Re: [PATCH 3/3] btrfs: Avoid live-lock in search_ioctl() on hardware with sub-page faults

From: Catalin Marinas
Date: Sat Nov 27 2021 - 10:23:15 EST


On Sat, Nov 27, 2021 at 01:39:58PM +0100, Andreas Gruenbacher wrote:
> On Sat, Nov 27, 2021 at 4:52 AM Andreas Gruenbacher <agruenba@xxxxxxxxxx> wrote:
> > On Sat, Nov 27, 2021 at 12:06 AM Catalin Marinas <catalin.marinas@xxxxxxx> wrote:
> > > If we know that the arch copy_to_user() has an error of say maximum 16
> > > bytes (or 15 rather on arm64), we can instead get fault_in_writeable()
> > > to probe the first 16 bytes rather than 1.
> >
> > That isn't going to help one bit: [raw_]copy_to_user() is allowed to
> > copy as little or as much as it wants as long as it follows the rules
> > documented in include/linux/uaccess.h:
> >
> > [] If copying succeeds, the return value must be 0.  If some data cannot be
> > [] fetched, it is permitted to copy less than had been fetched; the only
> > [] hard requirement is that not storing anything at all (i.e. returning size)
> > [] should happen only when nothing could be copied.  In other words, you don't
> > [] have to squeeze as much as possible - it is allowed, but not necessary.
> >
> > When fault_in_writeable() tells us that an address range is accessible
> > in principle, that doesn't mean that copy_to_user() will allow us to
> > access it in arbitrary chunks.
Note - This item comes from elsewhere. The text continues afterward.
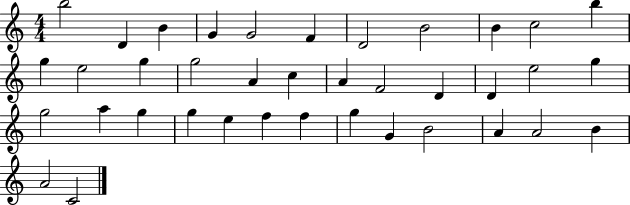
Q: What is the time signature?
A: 4/4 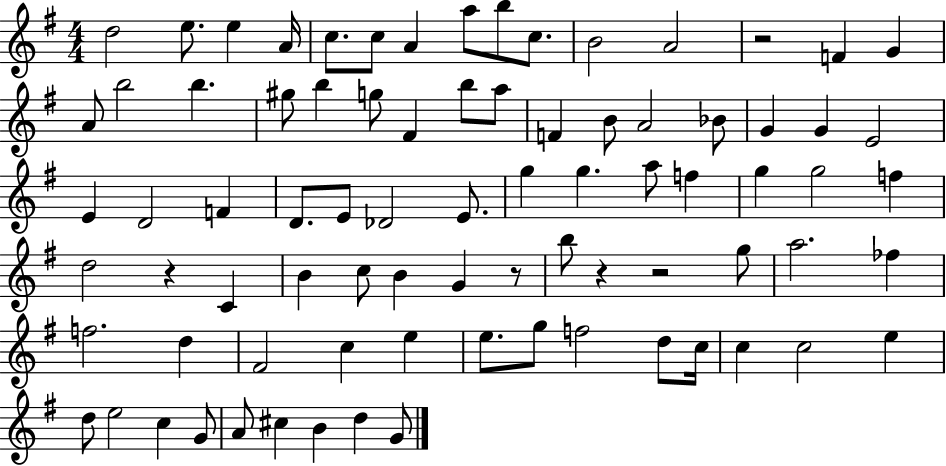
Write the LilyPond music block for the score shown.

It's also not the case that
> > fault_in_writeable(addr, size) is always followed by
> > copy_to_user(addr, ..., size) for the exact same address range, not
> > even in this case.
> >
> > These alignment restrictions have nothing to do with page or sub-page faults.
> >
> > I'm also fairly sure that passing in an unaligned buffer will send
> > search_ioctl into an endless loop on architectures with copy_to_user()
> > alignment restrictions; there don't seem to be any buffer alignment
> > checks.
>
> Let me retract that ...
>
> The description in include/linux/uaccess.h leaves out permissible
> reasons for fetching/storing less than requested. Thinking about it, if
> the address range passed to one of the copy functions includes an
> address that faults, it kind of makes sense to allow the copy function
> to stop short instead of copying every last byte right up to the address
> that fails.
>
> If that's the only reason, then it would be great to have that included
> in the description. And then we can indeed deal with the alignment
> effects in fault_in_writeable().

Ah, I started replying last night, sent it today without seeing your
follow-up.

> > > I attempted the above here and works ok:
> > >
> > > https://git.kernel.org/pub/scm/linux/kernel/git/arm64/linux.git/log/?h=devel/btrfs-live-lock-fix
> > >
> > > but too late to post it this evening, I'll do it in the next day or so
> > > as an alternative to this series.
>
> I've taken a quick look. Under the assumption that alignment effects
> are tied to page / sub-page faults, I think we can really solve this
> generically as Willy has proposed.

I think Willy's proposal stopped at the page boundary, it should go
beyond.

> Maybe as shown below; no need for arch-specific code.
>
> diff --git a/mm/gup.c b/mm/gup.c
> index 2c51e9748a6a..a9b3d916b625 100644
> --- a/mm/gup.c
> +++ b/mm/gup.c
> @@ -1658,6 +1658,8 @@ static long __get_user_pages_locked(struct mm_struct *mm, unsigned long start,
> }
> #endif /* !CONFIG_MMU */
>
> +#define SUBPAGE_FAULT_SIZE 16
> +
> /**
> * fault_in_writeable - fault in userspace address range for writing
> * @uaddr: start of address range
> @@ -1673,8 +1675,19 @@ size_t fault_in_writeable(char __user *uaddr, size_t size)
> if (unlikely(size == 0))
> return 0;
> if (!PAGE_ALIGNED(uaddr)) {
> + if (SUBPAGE_FAULT_SIZE &&
> + !IS_ALIGNED((unsigned long)uaddr, SUBPAGE_FAULT_SIZE)) {
> + end = PTR_ALIGN(uaddr, SUBPAGE_FAULT_SIZE);
> + if (end - uaddr < size) {
> + if (unlikely(__put_user(0, uaddr) != 0))
> + return size;
> + uaddr = end;
> + if (unlikely(!end))
> + goto out;
> + }
> + }
> if (unlikely(__put_user(0, uaddr) != 0))
> - return size;
> + goto out;
> uaddr = (char __user *)PAGE_ALIGN((unsigned long)uaddr);
> }
> end = (char __user *)PAGE_ALIGN((unsigned long)start + size);

That's similar, somehow, to the arch-specific probing in one of my
patches: [1]. We could do the above if we can guarantee that the maximum
error margin in copy_to_user() is smaller than SUBPAGE_FAULT_SIZE. For
arm64 copy_to_user(), it is fine, but for copy_from_user(), if we ever
need to handle fault_in_readable(), it isn't (on arm64 up to 64 bytes
even if aligned: reads of large blocks are done in 4 * 16 loads, and if
one of them fails e.g. because of the 16-byte sub-page fault, no write
is done, hence such larger than 16 delta).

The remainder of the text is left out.